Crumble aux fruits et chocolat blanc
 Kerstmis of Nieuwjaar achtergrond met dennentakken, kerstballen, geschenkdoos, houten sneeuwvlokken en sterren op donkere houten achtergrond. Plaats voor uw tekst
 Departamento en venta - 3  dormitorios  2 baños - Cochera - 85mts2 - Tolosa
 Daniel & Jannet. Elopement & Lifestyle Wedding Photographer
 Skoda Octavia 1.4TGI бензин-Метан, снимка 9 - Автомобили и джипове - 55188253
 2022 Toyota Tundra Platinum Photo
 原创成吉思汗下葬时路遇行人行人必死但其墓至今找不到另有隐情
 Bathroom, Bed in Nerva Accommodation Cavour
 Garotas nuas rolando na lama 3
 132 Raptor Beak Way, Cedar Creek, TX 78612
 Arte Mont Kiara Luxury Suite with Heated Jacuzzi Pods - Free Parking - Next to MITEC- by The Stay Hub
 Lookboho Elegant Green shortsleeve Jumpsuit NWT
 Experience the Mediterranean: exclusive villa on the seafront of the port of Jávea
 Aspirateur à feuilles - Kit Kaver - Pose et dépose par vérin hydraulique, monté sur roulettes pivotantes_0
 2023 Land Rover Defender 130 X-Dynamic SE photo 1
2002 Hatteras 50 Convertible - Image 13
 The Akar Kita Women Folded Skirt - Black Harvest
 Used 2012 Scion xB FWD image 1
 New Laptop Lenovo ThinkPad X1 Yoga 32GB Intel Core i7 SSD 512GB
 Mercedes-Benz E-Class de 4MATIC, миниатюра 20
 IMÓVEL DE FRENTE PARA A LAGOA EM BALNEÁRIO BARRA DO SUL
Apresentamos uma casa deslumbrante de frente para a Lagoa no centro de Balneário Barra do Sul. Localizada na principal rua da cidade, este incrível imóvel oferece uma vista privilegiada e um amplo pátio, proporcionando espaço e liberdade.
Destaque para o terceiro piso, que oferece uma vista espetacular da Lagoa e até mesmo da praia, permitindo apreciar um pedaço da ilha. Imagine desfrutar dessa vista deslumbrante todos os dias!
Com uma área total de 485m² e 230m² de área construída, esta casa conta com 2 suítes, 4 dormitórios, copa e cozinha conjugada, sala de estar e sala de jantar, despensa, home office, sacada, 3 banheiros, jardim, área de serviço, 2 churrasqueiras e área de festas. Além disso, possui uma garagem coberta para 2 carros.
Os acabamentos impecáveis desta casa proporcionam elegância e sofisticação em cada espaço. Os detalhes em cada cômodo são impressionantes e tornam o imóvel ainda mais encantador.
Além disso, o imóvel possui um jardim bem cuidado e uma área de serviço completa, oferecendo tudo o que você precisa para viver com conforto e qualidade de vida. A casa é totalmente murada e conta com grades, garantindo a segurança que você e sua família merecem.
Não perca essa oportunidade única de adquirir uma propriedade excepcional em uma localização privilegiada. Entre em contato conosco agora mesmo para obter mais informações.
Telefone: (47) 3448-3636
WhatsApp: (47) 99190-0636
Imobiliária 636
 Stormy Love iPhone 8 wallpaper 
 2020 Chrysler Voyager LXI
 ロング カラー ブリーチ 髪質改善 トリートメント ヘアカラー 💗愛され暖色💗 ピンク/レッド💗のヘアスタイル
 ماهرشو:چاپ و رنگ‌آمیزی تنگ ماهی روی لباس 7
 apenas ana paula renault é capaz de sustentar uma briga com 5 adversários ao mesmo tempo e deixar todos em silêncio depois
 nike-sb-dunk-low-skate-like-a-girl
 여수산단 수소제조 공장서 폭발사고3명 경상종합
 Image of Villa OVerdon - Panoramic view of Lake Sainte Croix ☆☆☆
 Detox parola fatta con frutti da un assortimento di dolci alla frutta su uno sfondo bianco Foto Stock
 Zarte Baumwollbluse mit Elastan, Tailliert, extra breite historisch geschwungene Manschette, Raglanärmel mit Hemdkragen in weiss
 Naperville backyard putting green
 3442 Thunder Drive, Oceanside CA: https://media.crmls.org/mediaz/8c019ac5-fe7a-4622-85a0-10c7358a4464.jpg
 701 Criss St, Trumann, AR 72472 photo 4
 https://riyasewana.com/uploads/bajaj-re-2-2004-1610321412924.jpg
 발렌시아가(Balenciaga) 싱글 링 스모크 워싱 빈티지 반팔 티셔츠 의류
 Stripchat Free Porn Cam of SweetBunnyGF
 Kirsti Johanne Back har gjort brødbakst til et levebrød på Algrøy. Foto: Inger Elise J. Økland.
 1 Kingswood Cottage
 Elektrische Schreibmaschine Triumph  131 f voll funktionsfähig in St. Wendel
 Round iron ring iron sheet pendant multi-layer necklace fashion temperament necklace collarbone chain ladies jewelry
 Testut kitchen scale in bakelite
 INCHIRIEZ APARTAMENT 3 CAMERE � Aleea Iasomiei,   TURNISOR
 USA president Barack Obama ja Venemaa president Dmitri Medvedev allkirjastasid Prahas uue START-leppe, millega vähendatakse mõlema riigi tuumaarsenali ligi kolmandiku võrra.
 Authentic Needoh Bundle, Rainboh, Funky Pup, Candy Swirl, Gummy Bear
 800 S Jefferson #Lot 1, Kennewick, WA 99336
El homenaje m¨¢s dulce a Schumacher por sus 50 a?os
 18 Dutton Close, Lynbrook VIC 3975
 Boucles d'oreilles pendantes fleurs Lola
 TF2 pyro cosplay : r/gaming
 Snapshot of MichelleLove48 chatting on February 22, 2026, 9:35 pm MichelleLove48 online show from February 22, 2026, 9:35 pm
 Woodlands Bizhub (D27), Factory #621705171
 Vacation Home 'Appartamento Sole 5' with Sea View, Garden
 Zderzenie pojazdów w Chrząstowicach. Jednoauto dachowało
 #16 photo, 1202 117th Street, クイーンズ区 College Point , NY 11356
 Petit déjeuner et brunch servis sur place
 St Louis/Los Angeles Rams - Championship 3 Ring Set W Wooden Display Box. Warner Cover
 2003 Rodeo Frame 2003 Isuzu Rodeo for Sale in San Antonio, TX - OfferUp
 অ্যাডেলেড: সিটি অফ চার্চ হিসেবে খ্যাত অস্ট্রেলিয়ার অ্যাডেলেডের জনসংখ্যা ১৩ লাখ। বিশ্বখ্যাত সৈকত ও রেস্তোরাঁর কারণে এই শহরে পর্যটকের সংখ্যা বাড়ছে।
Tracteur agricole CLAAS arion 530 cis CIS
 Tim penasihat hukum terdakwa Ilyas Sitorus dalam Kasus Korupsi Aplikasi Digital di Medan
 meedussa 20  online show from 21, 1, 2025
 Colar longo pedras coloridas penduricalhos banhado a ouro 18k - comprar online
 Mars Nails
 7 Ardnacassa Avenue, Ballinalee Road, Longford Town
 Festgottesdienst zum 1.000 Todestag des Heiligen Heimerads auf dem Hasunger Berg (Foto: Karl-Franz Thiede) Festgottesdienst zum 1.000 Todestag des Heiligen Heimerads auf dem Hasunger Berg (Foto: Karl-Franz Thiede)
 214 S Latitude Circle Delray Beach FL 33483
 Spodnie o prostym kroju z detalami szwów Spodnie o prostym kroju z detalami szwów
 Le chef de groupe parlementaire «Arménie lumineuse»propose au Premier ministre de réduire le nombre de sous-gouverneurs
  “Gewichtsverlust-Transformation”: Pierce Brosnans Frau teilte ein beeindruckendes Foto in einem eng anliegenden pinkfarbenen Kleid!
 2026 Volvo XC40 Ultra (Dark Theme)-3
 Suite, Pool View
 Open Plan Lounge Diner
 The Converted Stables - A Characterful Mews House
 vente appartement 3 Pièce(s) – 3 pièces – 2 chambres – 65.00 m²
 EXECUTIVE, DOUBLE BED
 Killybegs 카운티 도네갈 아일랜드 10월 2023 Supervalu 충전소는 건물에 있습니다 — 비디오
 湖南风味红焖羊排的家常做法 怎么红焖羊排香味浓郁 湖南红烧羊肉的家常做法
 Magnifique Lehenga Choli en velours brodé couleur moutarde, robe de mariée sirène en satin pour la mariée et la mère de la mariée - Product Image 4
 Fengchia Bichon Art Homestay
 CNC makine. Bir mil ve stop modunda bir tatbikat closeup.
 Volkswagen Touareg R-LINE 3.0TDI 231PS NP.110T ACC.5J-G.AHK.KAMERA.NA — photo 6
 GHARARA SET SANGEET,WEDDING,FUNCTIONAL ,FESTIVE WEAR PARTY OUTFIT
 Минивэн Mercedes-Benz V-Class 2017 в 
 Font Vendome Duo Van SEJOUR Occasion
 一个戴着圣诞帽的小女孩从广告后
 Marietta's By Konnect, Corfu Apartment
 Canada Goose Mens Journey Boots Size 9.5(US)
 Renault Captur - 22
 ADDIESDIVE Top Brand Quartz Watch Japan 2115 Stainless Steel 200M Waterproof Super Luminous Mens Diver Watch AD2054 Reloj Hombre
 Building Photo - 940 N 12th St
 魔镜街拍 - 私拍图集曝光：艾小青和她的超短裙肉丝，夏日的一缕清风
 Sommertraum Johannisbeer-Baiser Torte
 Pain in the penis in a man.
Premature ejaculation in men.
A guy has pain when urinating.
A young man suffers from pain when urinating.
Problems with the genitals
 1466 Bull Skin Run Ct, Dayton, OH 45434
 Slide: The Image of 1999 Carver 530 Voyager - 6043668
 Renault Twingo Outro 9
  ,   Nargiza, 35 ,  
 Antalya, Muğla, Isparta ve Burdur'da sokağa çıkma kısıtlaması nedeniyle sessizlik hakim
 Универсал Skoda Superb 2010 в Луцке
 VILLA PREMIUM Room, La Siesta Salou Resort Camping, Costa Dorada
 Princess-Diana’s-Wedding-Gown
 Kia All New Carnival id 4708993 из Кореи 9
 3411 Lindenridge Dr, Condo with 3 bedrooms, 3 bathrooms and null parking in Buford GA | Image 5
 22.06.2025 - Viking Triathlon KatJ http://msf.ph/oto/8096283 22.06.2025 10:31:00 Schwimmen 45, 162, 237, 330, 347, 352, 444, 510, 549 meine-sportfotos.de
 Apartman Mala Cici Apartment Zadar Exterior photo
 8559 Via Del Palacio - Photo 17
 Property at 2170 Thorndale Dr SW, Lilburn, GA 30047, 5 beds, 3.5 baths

▸ Task instructions
Repeat, exactly as they stand above, the lines from the line with "#16 photo, 1202" to the line with "2003 Rodeo Frame", both lines included.

▸ The completed task
 #16 photo, 1202 117th Street, クイーンズ区 College Point , NY 11356
 Petit déjeuner et brunch servis sur place
 St Louis/Los Angeles Rams - Championship 3 Ring Set W Wooden Display Box. Warner Cover
 2003 Rodeo Frame 2003 Isuzu Rodeo for Sale in San Antonio, TX - OfferUp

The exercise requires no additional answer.